CS4290/CS6290/ECE4100/ECE6100

Georgia Institute of Technology

CS4290/CS6290/ECE4100/ECE6100

Do we have to worry about memory disambiguation problem in this assignment?

No, We assume that there is a perfect memory disambiguation predictor.

What should I use to find out memory instructions? Is checking mem_type sufficient or do I have to check opcode?

if opcode is OP_ST mem_type is MEM_ST and if opcode is OP_LD mem_type is MEM_LD. so just checking mem_type itself is sufficient.

What will be the cache miss penalty? Is this KNOB_DCACHE_HIT_LATENCY+KNOB_MEM_LATENCY_ROW_HIT or just KNOB_MEM_LATENCY_ROW_HIT?

It is KNOB_DCACHE_HIT_LATENCY+ KNOB_MEM_LATENCY_ROW_HIT (or KNOB_MEM_LATENCY_ROW_MISS) + additional queuing delay.

Do we need to implement store-load forwarding?

Yes, it will be done though MSHR. Be careful of memory sizes. e.g.) store writes location 0x001 with the memory size 1B, then load address 0x003 cannot get data from the store because both two addresses really do not overlap.

I see op->mem_read_size and op->mem_write_size , what are for?

You need those information to check store-load forwarding.

I still can not understand what's the purpose of m_read_size and m_write_size?

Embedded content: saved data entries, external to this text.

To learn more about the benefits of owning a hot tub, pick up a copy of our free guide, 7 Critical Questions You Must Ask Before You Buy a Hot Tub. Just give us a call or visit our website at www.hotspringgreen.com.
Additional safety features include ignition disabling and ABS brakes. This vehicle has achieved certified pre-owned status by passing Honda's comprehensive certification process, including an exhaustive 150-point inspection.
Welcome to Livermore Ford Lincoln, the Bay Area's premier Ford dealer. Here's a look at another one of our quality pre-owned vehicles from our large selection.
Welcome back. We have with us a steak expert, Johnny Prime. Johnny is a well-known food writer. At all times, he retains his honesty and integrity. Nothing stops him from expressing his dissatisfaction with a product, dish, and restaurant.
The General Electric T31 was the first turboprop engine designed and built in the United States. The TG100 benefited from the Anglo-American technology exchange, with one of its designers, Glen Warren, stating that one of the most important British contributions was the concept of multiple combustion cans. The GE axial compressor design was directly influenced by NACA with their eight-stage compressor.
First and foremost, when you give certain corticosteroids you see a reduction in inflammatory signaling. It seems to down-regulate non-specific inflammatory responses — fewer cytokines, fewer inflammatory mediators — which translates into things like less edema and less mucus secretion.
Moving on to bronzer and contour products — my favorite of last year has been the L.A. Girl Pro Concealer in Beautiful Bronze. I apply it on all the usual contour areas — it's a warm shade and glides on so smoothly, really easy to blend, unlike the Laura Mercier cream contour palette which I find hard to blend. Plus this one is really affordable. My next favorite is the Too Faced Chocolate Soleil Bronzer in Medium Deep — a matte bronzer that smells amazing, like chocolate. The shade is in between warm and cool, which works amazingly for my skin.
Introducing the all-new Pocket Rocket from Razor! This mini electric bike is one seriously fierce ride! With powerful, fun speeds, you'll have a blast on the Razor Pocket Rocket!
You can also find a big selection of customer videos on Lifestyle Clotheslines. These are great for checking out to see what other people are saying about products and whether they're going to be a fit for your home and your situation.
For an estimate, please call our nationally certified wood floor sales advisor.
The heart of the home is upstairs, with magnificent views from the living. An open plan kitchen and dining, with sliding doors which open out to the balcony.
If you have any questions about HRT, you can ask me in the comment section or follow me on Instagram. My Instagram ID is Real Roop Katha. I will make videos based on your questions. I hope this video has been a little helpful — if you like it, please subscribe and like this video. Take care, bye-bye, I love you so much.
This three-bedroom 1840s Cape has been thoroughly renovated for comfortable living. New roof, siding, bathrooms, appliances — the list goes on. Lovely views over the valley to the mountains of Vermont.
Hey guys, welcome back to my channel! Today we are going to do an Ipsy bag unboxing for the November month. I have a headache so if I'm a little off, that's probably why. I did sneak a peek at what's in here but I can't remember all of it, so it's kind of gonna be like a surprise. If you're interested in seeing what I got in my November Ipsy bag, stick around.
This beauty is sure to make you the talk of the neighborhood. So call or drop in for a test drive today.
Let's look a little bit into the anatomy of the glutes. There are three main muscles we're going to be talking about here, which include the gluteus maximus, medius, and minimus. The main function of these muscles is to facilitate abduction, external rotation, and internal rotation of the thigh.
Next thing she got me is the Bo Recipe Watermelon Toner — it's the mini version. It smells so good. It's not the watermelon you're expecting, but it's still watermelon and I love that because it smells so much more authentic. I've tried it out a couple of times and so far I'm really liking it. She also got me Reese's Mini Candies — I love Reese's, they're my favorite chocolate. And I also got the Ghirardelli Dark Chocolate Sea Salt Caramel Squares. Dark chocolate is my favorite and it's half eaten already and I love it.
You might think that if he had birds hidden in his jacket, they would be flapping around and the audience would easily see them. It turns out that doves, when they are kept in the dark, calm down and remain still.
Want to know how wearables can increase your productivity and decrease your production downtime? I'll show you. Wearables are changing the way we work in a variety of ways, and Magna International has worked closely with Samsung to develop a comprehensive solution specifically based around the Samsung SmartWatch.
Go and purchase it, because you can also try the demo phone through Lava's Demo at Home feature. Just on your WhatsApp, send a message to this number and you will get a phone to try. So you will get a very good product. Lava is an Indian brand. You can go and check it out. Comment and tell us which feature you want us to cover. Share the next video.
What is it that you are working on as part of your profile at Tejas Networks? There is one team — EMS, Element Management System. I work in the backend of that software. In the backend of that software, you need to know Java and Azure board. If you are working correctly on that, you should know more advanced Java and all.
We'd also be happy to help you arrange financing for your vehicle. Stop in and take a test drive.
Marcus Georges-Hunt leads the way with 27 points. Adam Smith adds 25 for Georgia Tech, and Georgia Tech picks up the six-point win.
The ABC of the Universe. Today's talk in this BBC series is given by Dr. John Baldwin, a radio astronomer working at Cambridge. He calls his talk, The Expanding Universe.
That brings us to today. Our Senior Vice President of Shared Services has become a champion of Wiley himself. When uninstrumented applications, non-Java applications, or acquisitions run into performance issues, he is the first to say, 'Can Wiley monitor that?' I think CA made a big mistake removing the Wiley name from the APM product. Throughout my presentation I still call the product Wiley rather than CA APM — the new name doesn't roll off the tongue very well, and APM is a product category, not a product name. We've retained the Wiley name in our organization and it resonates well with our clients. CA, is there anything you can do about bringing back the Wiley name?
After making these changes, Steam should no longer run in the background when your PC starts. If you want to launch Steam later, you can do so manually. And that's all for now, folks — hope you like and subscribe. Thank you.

Is it being used to calculate the load_addr_end = load_addr_begin + m_read_size and calculate the store_addr_end = store_addr_begin + m_write_size?

Yes,

What if load/store addresses are mapped into two different cache blocks (unaligned accesses)?

Let's just access the first cache block

Do we need to translate virtual addresses to physical addresses?

No, we just assume that the addresses that are provided in Pin are physical addresses.

Is the DCACHE pipelined ?

No, we assume that the DCACHE is not pipelined. So if one instruction is accessing the D-cache, the MEM_stage is busy.

When an instruction can retire? Can it retire out of order?

Yes, while cache miss load instructions are waiting for DRAM requests, older instructions that are not dependent on the load instruction can be executed and can be retired.

Do non load/store instructions go through the MEM stage?

Yes.

While the MEM stage is busy for dcache accesses do non load/store instructions still wait in the EXE stage?

Yes. Although a modern processor would be optimized for this case, for our simulator, we simply stall the pipeline if the MEM stage is busy for dcache accesses. However, after KNOB_DCACHE_HIT_LATENCY, regardless of whether a load/store instruction hits cache, the pipeline is free. The instruction is moved to the MSHR if there is a cache miss.

A load instruction is in the MSHR. A new store instruction has the same memory address as the load instruction. Does the store instruction need to go to the MSHR?

In principle, yes, the store instruction (actually the store data) also needs to be stored in the MSHR. However, since we do not actually simulate memory contents, the simulator can just simply send the store op into the WB stage after KNOB_DCACHE_HIT_LATENCY.

Now multiple ops can be sent to the WB stage when memory requests are merged and later the memory request is serviced. However, the simulator frame can store only one op into the MEM stage latch. Can I (or should I) modify the MEM stage latch?

How to set up m_state in mem_req_s class ?

insert_mshr --> m_state = MEM_NEW;
send_bus_in_queue --> m_state = MEM_DRAM_IN;
dram_schedule, after DRAM is scheduled m_state = MEM_DRAM_SCH;
send_bus_out_queue --> m_state MEM_DRAM_OUT;

How to set up m_tye in mem_req_s class?

DRT_DFETCH // dcache load miss
DRT_DSTORE // dcache store miss
You can ignore other types for now.

Do I still need to maintain data hazard and control hazard correctly?

No, we will not grade data hazard and control hazard any more.

A memory instruction generates a cache miss but because of MSHR full, the instruction cannot be stored inside the MSHR. How many times do we have to increment the cache miss counter?

Only once at the first time access.

Do we really need to retire store ops immediately or can we push them into the MSHR and retire them after a memory request comes back?

In terms of the performance, it won't affect it so chose whichever easier to implement the simulator.